The good news is we’re not guessing. Education theory gives a usable rule-set to help us decide what examples are legitimate. We can personalise when invariants survive (Marton). We should constrain examples when context is the construct (Maton). We should ban examples that add construct-irrelevant variance (Messick).
But back to me and statistics. It’s too late to rescue my own school experience, but what about our children? Could they learn statistics through Harry Potter’s Hogwarts or Fantasy Football League? Often, yes. Much of school statistics has crisp, context-general structures and quick, binary checks, which makes it unusually well-suited to safe personalisation.

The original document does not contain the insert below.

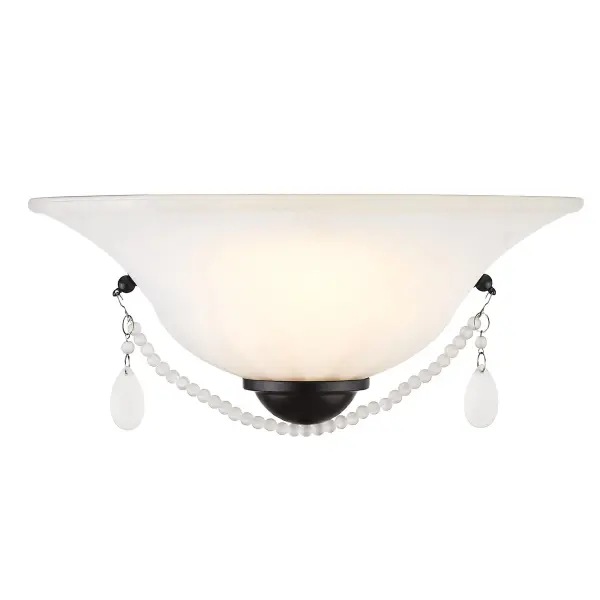 The elegance of the Priscilla collection quietly demands attention. Frosted crystal beads drape the bottom of the wall sconce. Larger teardrop crystal accents cap each end of the crystal strand. The crystal drops mimic the sophistication of fine jewels and the glowing effect of the diffused marbled glass is enchanting. The curvaceous glass contrasts the smooth, modern matte black finish for a contemporary feel. Fixture Finish: Matte Black Glass/Shade Finish: Opal Glass Fixture Width: 12" Fixture Height: 5.375" Fixture Extension: 6.625" Max Height: N/A Chain Length: N/A Rod Qty: N/A Canopy/Backplate Dim: 9.5"W x 3.375"H x 0.625"E Fixture Weight: 1.67 lb Number of Sockets: 1 Fixture Wattage: 100 W Bulb Type: Incandescent, Type A Bulb Included: No Slope Ceiling: No Approved Location: Damp Location Assembly and Installation Instructions Dimensions and Measurements (Specification Sheet) [#other] var bullseyelistener = function (e) {var regex= new RegExp('^.*\\.bullseyelocations\\.com.*$', 'i');if(regex.test(e.origin) && Number.isInteger(e.data)) {document.getElementById('bullseye_iframe').height = Math.round(e.data);}}if (window.addEventListener) {addEventListener('message', bullseyelistener, false);}else {attachEvent('onmessage', bullseyelistener);} [#size]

We can teach probability through goal-scoring in football or Quidditch. We can sample data on midfielders or on Hogwarts students and draw inferences. We can illustrate Simpson’s paradox by stratifying house-point totals, and Bayes-style updating when new evidence arrives about a player’s midweek training. So long as we keep randomness and independence plausible and avoid “magical determinism”, we’re likely to preserve the invariant while avoiding construct-irrelevant variance, doing so in examples pupils might actually enjoy.
Personalisation isn’t a magic wand and it isn’t a menace. It’s a design choice that either amplifies the signal or buries it. Used with care for the right types of knowledge, AI tutors won’t just feel engaging, they’ll help pupils learn the right thing, for the right reason, at the right time.







Also, I don't think you touch on this here, and needn't-your blog stands alone-but I wonder whether, even if we could, whether we should hook pupils into content by using their interests. There was a point in my Yr6 teaching days when I'd deliberately do less interesting lessons to aid transition. If the learner's expectation is that learning is personalised, then what happens when it's not.
So thought provoking, Becky, and so well explained. Thank you. I’m fascinated by the principles you outline here and remain unconvinced that a human being applying these instinctively will ever be surpassed by AI - but the world around me is proving otherwise!